La Nigeria ha confermato fino a data da stabilirsi la chiusura delle sue frontiere terrestri con Benin, Niger, Ciad e Camerun. Motivo: limitare l’importazione di riso e il contrabbando. La chiusura è stata imposta il 19 agosto scorso e sta creando enormi problemi in Nigeria e nei quattro Paesi confinanti, a cominciare da una forte inflazione dei prezzi delle materie prime. In Nigeria ora tutti i prodotti devono essere importati attraverso il porto di Lagos (nella foto), che è noto per l’inefficienza e la corruzione dilagante dei suoi gestori.

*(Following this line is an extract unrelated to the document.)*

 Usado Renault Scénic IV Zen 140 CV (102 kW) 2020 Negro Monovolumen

In Nigeria il prezzo del riso è aumentato del 30%, creando un grave malcontento popolare. L’inflazione è salita all’11,24% lo scorso settembre dopo tre mesi consecutivi di ribassi, contro il risultato di agosto che si attestava all’11,02%, la cifra più bassa degli ultimi quattro anni.

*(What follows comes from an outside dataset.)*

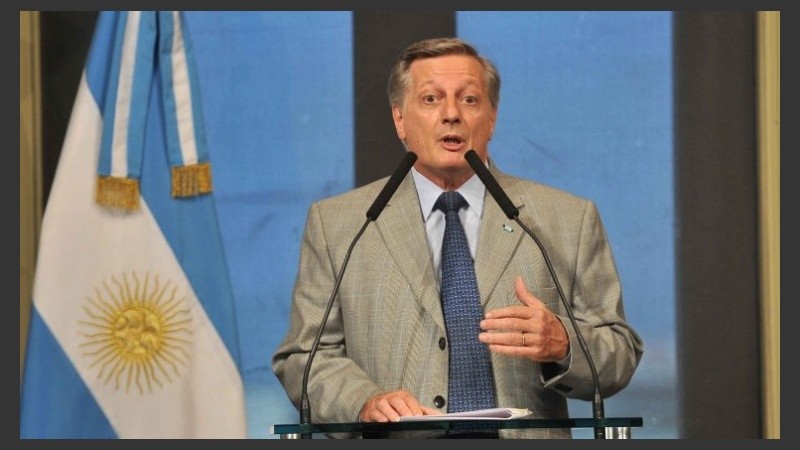 El ministro de Energía, Juan José Aranguren.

Il Paese che soffre di più per la chiusura delle frontiere è il Benin, che ha un’economia fortemente dipendente dal vicino gigante nigeriano. Le autorità beninesi hanno definito la decisione del presidente nigeriano Buhari catastrofica e anche all’interno del Paese francofono c’è forte malcontento, aggravato dal fatto che il presidente Talon è contestato anche per le ultime elezioni vinte dopo aver messo fuori gioco i partiti di opposizione.
Ma, soprattutto, la decisione della Nigeria di chiudere le frontiere è una sorta di paradosso di un Paese che, sebbene firmatario dell’accordo per l’istituzione di un’Area di libero scambio continentale, avvia una strategia protezionista che va nella direzione esattamente opposta.